WHAT YOU WILL DO: What you return must match the listing below character for character, minus any pictures.

THE DATA:
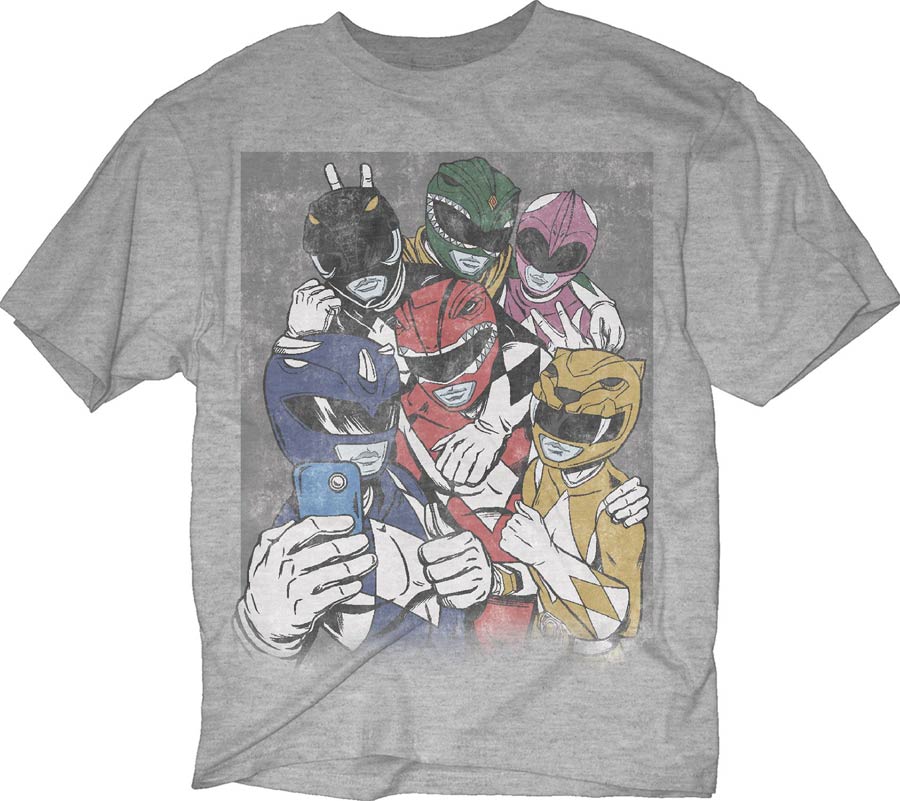 Mighty Morphin Power Rangers Selfie Oxford T-Shirt Large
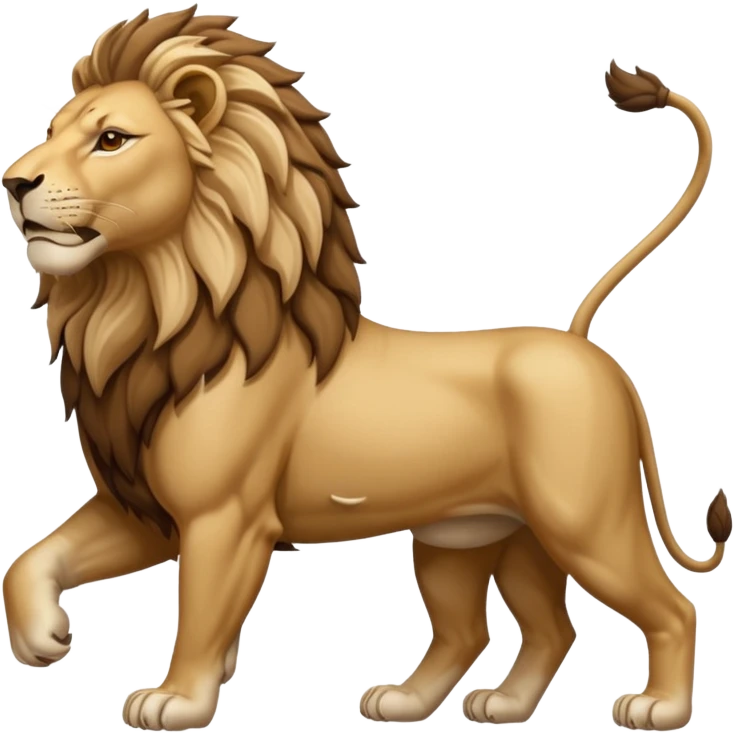 An emoji of a majestic lion from ancient Assyrian art, shown in a hunting scene. emoji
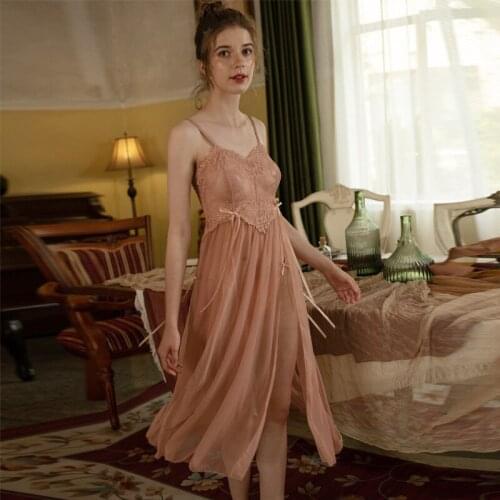 Lace gauze transparent comfortable temptation condole belt feminine feeling underwear at home open fork long sleep dress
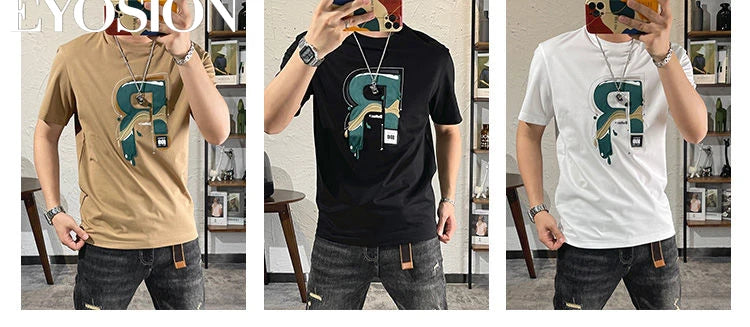 Summer Men‘s T-shirt with Letter Print Cotton Vintage Loose Soft Tshirt Basic Tops Short Sleeve T Shirt Male Tees 5XL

RESPONSE AREA:
 Mighty Morphin Power Rangers Selfie Oxford T-Shirt Large
 An emoji of a majestic lion from ancient Assyrian art, shown in a hunting scene. emoji
 Lace gauze transparent comfortable temptation condole belt feminine feeling underwear at home open fork long sleep dress
 Summer Men‘s T-shirt with Letter Print Cotton Vintage Loose Soft Tshirt Basic Tops Short Sleeve T Shirt Male Tees 5XL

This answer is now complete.